Conversava com a Zoe sobre a minha dificuldade com o Arcano Maior XX. O Julgamento, o Juízo Final, e, mais recentemente chamado Æon, é uma carta de conteúdo obscuro para além do óbvio. Estamos diante de um conteúdo cristão por excelência, talvez até mais cristão que o Arcano V. Se o Arcano V representa uma personalidade, o XX representa um evento


A Justiça
Tarocchi del Rinascimento (Giorgio Trevisan)
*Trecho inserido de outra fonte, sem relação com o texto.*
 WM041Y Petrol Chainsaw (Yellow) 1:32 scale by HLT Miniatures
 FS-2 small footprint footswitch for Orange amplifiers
Ok, ok. Deveríamos comparar, na verdade, o Arcano XX com o VIII, diriam alguns. Mas a Justiça é uma ideia pré-cristã alçada ao status de virtude cardeal, e Ajustamento é uma adequação terminológica, não simbólica. É só reparar em duas questões: 
  1. A variabilidade da imagem d'A Justiça é mínima, talvez a menor dentre os Arcanos; 
  2. Até mesmo um leigo na Arte pode tecer considerações sobre essa imagem, e sobre seus atributos e símbolos, dado termos até hoje essa imagem representando os advogados e a Lei. 
Já o Julgamento... Soa-me, a priori, que a chave da interpretação se dilui no potencial escatológico cristão e perde-se muito do que ele proporia. 
Assisti hoje As Bruxas de Salem (The Crucible, 1996). Odiei. Não o filme em si, que é muito bom; justamente por isso, me inspira o que há de mais nobre: o asco pela mentira. E isso é odioso. (Confira um resumo do evento histórico que deu origem ao filme aqui.)



Princesa de Espadas / Abigail Williams (interpretada por Winona Ryder)
Thoth Tarot

Abigayl Williams (Winona Ryder, impecável). Assassina fria e cruel, dotada de uma arma pior que paus, pedras, adagas, punhais, revólveres e bombas atômicas: snaketongue. Sua língua bífida é capaz de voltar-se contra tudo e todos que a ameacem, com uma certeza no tom que beira a santidade. Maldita Princesa de Espadas, entregaria a mãe para obter o que deseja, ainda que o medo que a descubram em suas mentiras seja mais poderoso que a capacidade de obter vantagens.


Danforth e sua visão equivocada.
Rei de Espadas, Waite-Smith Tarot (detalhe)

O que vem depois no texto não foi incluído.